Coconut macaroons cake
What do you need:
Springform pan dia 18 cm
For the coconut macaroon cake:
- 150 g coconut grater
- 120 ml egg whites (about 4 eggs) or 10 tbsp aquafaba (chickpea liquid) *
- 50 to 100 g Greensweet Erythritol
- 60 g almond flour
- 50 g (lactose-free or vegetable) quark
- 25 g coconut oil
For the topping:
- Soy whipped cream as desired
This is how you make this delicious cake:
- Preheat your oven to 180 degrees. Put baking paper in the spring form and grease the sides.
- Separate the whites from the yolks, use ready-made egg whites or use aquafaba for a vegetable version.
- Using a food processor or mixer, mix the egg whites or aquafaba together with the erythritol or maple syrup on the highest setting until it is stiff.
- Melt the coconut oil and stir in the curd cheese.
- Mix the coconut with the almond flour and stir well.
- Now fold all this carefully into the beaten egg whites or aquafaba.
- Divide the coconut mixture over the bottom of the spring form and put it in the oven for 20 minutes.

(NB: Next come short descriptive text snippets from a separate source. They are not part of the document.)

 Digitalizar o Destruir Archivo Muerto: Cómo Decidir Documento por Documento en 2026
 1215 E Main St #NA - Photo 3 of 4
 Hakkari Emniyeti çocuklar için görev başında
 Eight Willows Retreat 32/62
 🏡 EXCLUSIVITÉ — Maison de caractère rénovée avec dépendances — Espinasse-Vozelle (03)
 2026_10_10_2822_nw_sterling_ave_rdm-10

- Let the coconut macaroon cake cool down and decorate the coconut macaroon cake for an optimal party with whipped cream and a hint of lemon curd and raspberries.

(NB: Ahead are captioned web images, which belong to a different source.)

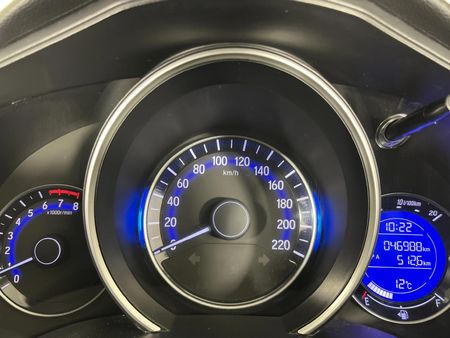 2022-Honda-WR-V-12-Comfort_2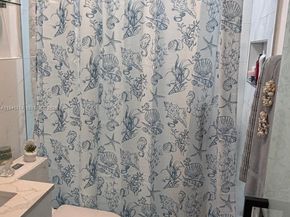 815 E 32nd St, Hialeah FL 33013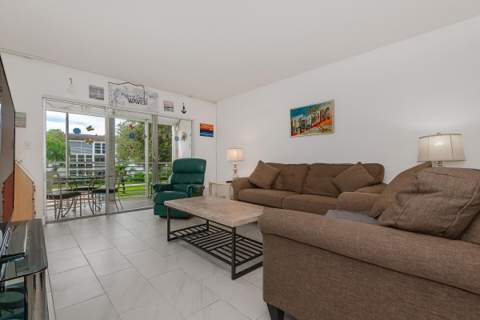 1501 S Ocean Boulevard #208, Lauderdale-By-The-Sea FL - photo 6 of 34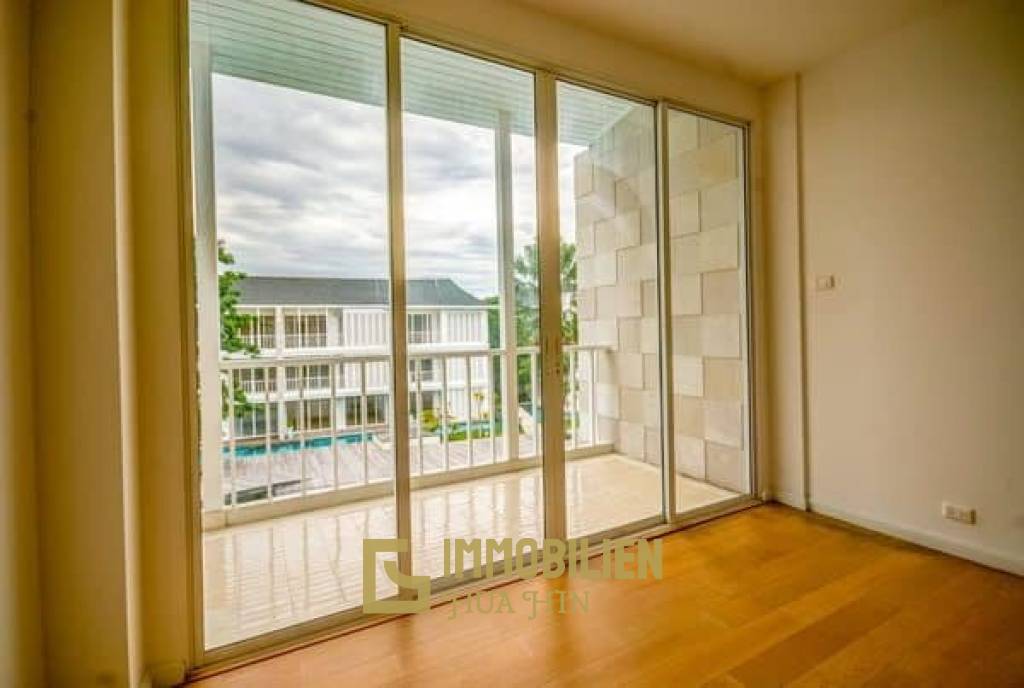 Luxurious 2 Bed Condo at Malibu Khao Tao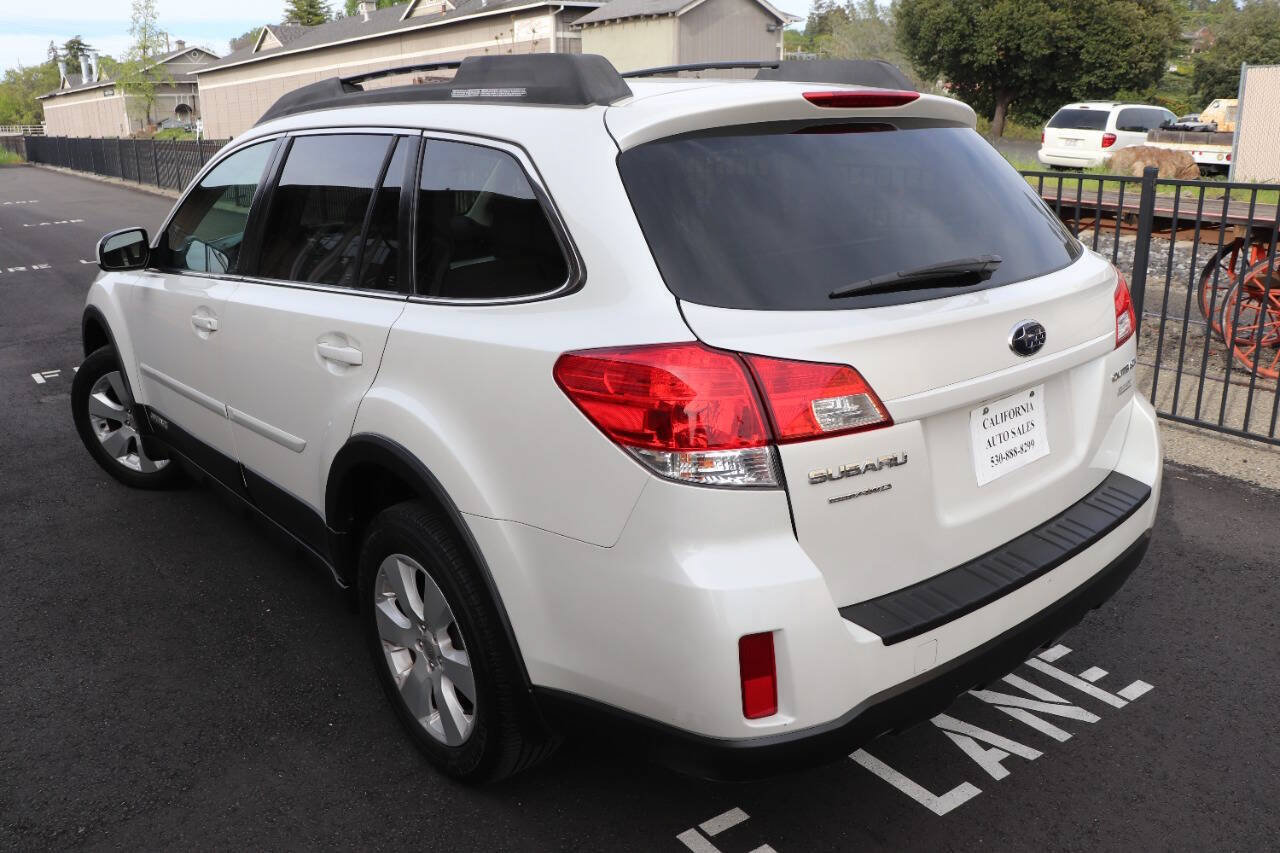 Used 2011 Subaru Outback 2.5i Premium AWD/4WD image 6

- Serve the cake with a smile and enjoy!
It sounds strange, but aquafaba is simply the viscous moisture of beans in pots and cans (aqua = water, faba = bean). If you want to use aquafaba as a protein substitute, choose chickpeas or white beans. Other beans are not neutral enough in taste. You drain your chickpeas, as usual, but you collect the moisture in a bowl. Then you have a thick, protein-like stuff and - the word says it all - that's a protein substitute that you can use for everything from cocktails to cakes and from mayonnaise to meringues. For real! Chickpea water meringue, it's delicious.